Distributed training with PyTorch’s DistributedDataParallel (DDP) is not inherently fault-tolerant—if any node fails, the whole job crashes, and, as you noted, checkpointing cannot auto-recover the process without hypervisor or application-level orchestration. However, there are alternative frameworks and design patterns you can adopt to build a more resilient distributed training workflow.
Options for Fault-Tolerant Distributed Training
1. Horovod with Spark
Horovod, originally built for TensorFlow and Keras but well supported for PyTorch, provides tighter Spark integration. Using HorovodRunner in Spark, if a task fails, Spark can retry it based on its job-failure policies. This allows limited fault tolerance, as executors are restarted up to a threshold, but catastrophic multi-node loss or non-transient failures can still force a full restart.
2. TorchElastic/TorchRun (now Torch Distributed Elastic)
TorchElastic (recently renamed Torch Distributed Elastic) is designed specifically for elastic and fault-tolerant distributed training with PyTorch. It allows worker nodes to scale up/down during training and can restart failed workers dynamically. You can combine it with job orchestrators like Kubernetes or YARN for robust recovery and auto-scaling. It requires your training code to be "stateless enough" to resume from checkpoints.
3. Ray Train / Ray AIR
Ray is a distributed computing framework that supports fault-tolerant training for PyTorch. With Ray Train or Ray AIR libraries, failed training workers can be rescheduled automatically, and training can continue without starting over, provided you have checkpointing configured correctly. Ray’s actor model and robust orchestration give you more resilience than pure DDP.
4. Custom Job Orchestration with Checkpointing
-
Use an external scheduler (Kubernetes, SLURM, YARN) to manage jobs.
-
Save model, optimizer, and data loader state regularly on robust storage.
-
On failure, relaunch training from the latest checkpoint.
-
This gives partial recovery but is more complex and less "seamless" than Ray or TorchElastic.

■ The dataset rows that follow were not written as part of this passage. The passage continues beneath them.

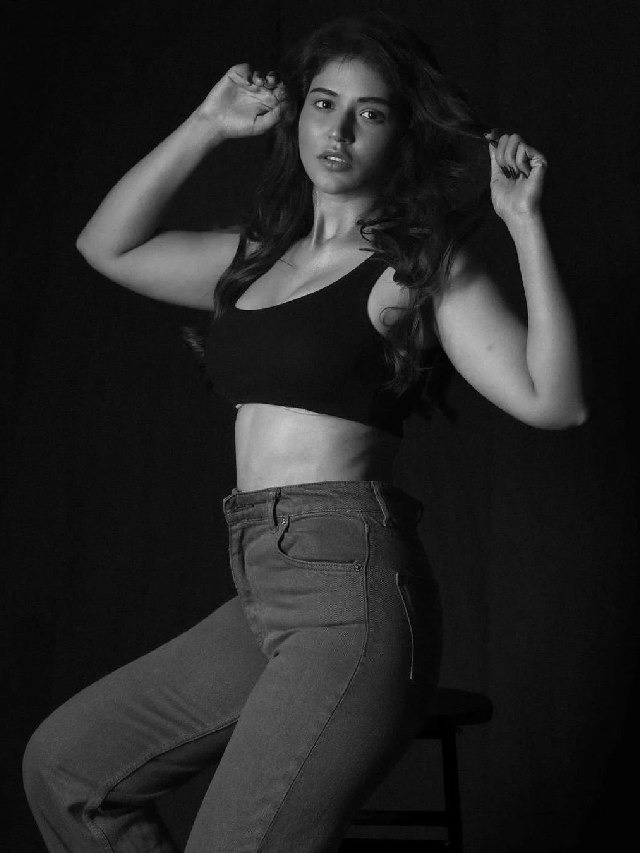 I would say no, if i get a chance to act with Pawan Kalyan.. Priyanka Javalkar!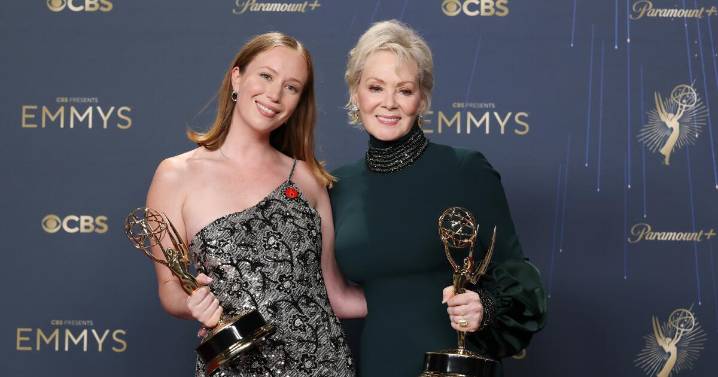 Hannah Einbinder says 'Hacks' could end with Season 5, speculates on how it might end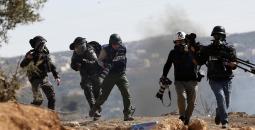 جنود الاحتلال يعتدون على صحفيين بالضفة الغربية.jpg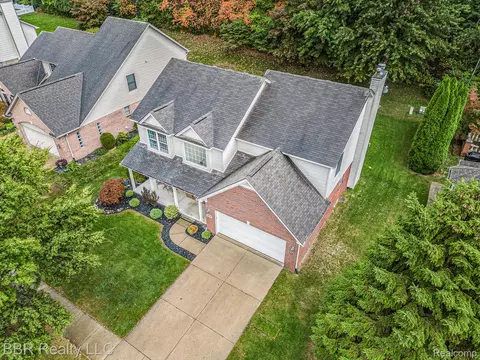 22795 Fawn Rd, Brownstown, MI 48183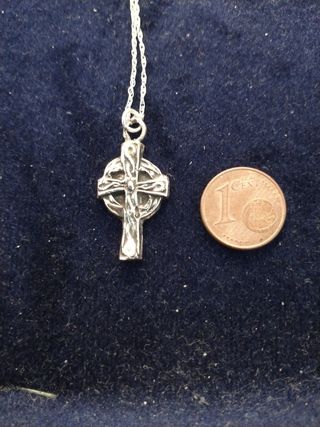 Cruz Celta de Plata Pura. con cadena.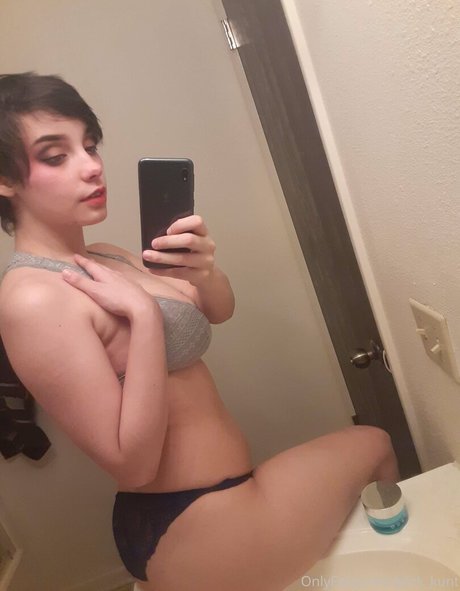 yoga asiatische onlyfans porno nackten foto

Table: Distributed Libraries with Fault Tolerance
| Library/Framework |
Fault Tolerant? |
Autoscaling/Elasticity |
Easy Spark Integration |
Notes |
| PyTorch DDP |
No |
No |
No |
Any node failure kills the job |
| Horovod |
Limited |
No |
Yes |
Spark retries some failures |
| TorchElastic (Distributed Elastic) |
Yes |
Yes |
Indirect |
Best for Kubernetes/YARN environments |
| Ray Train/AIR |
Yes |
Yes |
Yes |
Checkpointing and auto-restart supported |
Recommendations
-
For maximum Spark integration and some retries: HorovodRunner on Spark – may suffice for small clusters with rare failures.
-
For fully robust, elastic, production-grade training: Torch Distributed Elastic (TorchRun) with Kubernetes or YARN.
-
For modern, Pythonic, and highly fault-tolerant distributed ML: Ray Train/AIR – supports PyTorch and Spark environments.
Each of these requires code and infra changes, but they provide the continuity and reliability missing in standard DDP setups.